Suppose $L$ is a complex solvable lie algebra. Then $L$ is solvable iff $\forall x,y,z\in L,k([x,y],z)=0$
Suppose $L$ is solvable. Then consider $ad:L\rightarrow gl(L)$. Note that $im(ad)$ is a quotient and homomorphism of $L$, hence solvable. So there exists a basis of $L$ such that $\forall w\in L$, $ad_w$ is upper triangular matrix. Hence $[ad_x,ad_y]$ is upper triangular matrix. Hence $[ad_x,ad_y]ad_z$ is is upper triangular matrix. So $Tr([ad_x,ad_y]ad_z)=0\implies k([x,y],z)=0$. Suppose $\forall x,y,z\in L,$ we have $k([x,y],z)=0$. We will show that $L'$ is nilpotent. Note that $w=[x,y]\in L'\implies k(w,z)=0$. We know that by jordan decomposition, $ad_w=(ad_w)_d +(ad_w)_n=W_d+W-n$. But note that $tr(W\cdot \overline{W_d})=tr(W_d\cdot \overline{W_d})=|\lambda_1|^2+\dots+|\lambda_m|^2$ and $\lambda_i$ is eigenvalue of $W$. But $tr(W\cdot \overline{W_d})= tr(ad_{[x,y]}\cdot ad_{\overline{w}_d})= 0.$ So the eigenvalues are $0$. So $L'$ is nilpotent. So $L$ is solvable.
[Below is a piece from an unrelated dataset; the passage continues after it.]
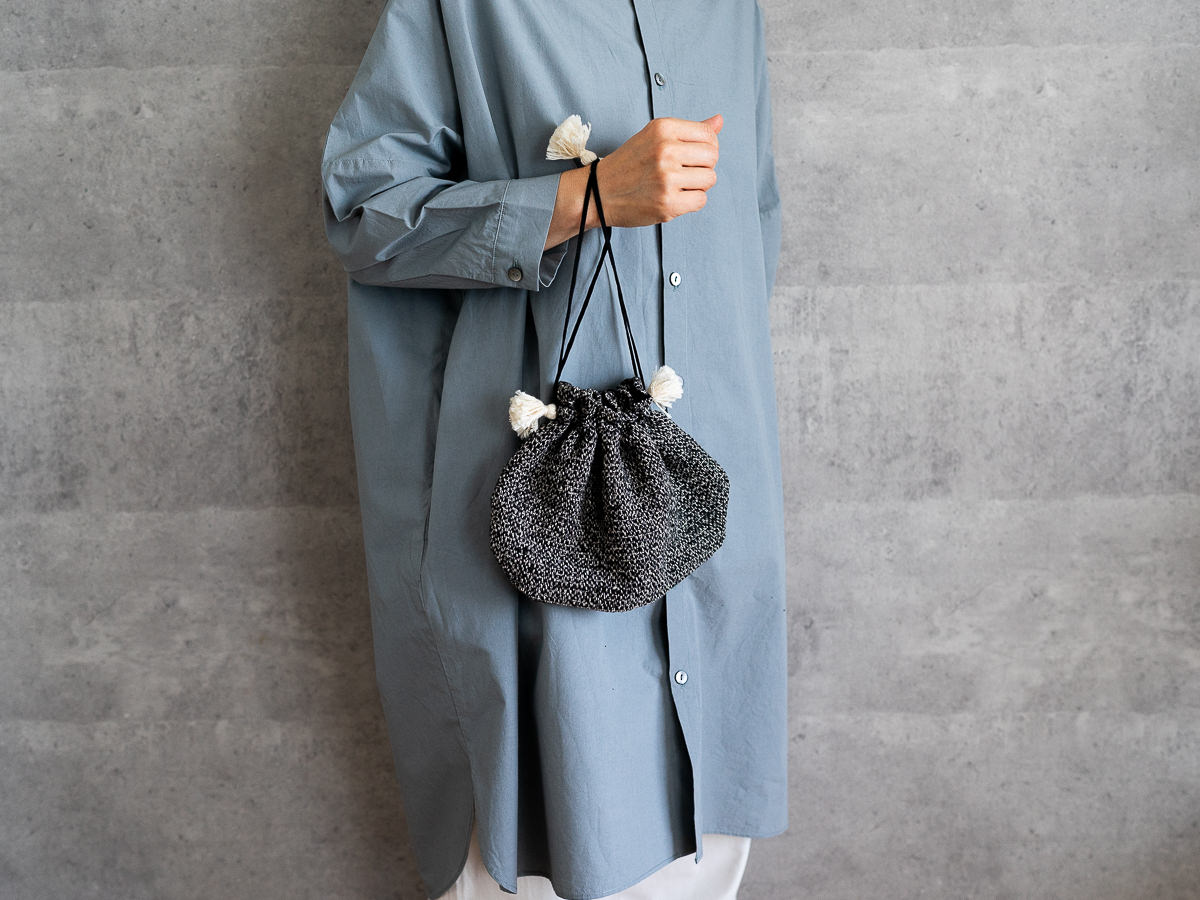 330920　インド/シルク×コットン　Drawstring Bag　Monochrome　S・L　2サイズ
Cartan’s criteria for semi simplicity

$W^{\perp}=\{x\in W|k(x,w)=0\forall w\in W\}$ where $k$ is the killing form and $W$ is subspace of lie algebra $L$.
If $I$ is ideal of $L$ then $I^{\perp}$ is ideal of $L$.
Let $x\in L$ and $j\in I^{\perp}$. We want to show $[j,x]\in I^{\perp}$. We want to show $$tr(ad_{[j,x]}\cdot ad_i)=0 \forall i\in I.$$ But we know that $$tr([a,b]c)=tr(a[b,c]).$$ So $$tr(ad_{[j,x]}\cdot ad_i)=tr(ad_j\cdot ad_{[x,i]})\text{ but } [x,i]\in I\implies tr(ad_j\cdot ad_{[x,i]})=0.$$
Suppose $L$ is a lie algebra over $\Bbb{C}$. Then $L$ is semi-simple $\iff$ $k$ is non-degenerate. That is if $x\ne 0\implies k(x,x)\ne 0.$
Suppose $L$ is semi-simple.So rad $L$ is $0$. So there is no solvable ideal of $L$. Note that $L\subset L$ is an ideal. Now take $x,y,z\in L^{\perp}\implies [x,y]\in (L^{\perp})'$. Note that $k([x,y],z)=0$ as $[x,y]\in L$. So $L^{\perp}$ is solvable (by the criterion) and ideal. So $L^{\perp}=0$. Hence $k$ is non-degenarate. \newline Other way: Say $L$ is not simple $\implies$ it has solvable ideals. Take $0\ne I\subset L$ a solvable ideal $\implies \exists N\in \Bbb{N}$ such that $I^{(N)}=0$ and $I^{(N-1)}\ne 0$. Let $A=I^{(N-1)}$. Now $\forall y\in I$ we have $$ad_aad_xad_a(y)=[a,[x,[a,y]]]=0\implies (ad_aad_x)^2=0$$$$\implies ad_a\cdot ad_x\text{ is nilpotent }\implies tr(ad_a\cdot ad_x)=0\implies k(a,x)=0\implies k(a,a)=0.$$

Why is it called semi-simple

Now, we will understand why it is called semi-simple!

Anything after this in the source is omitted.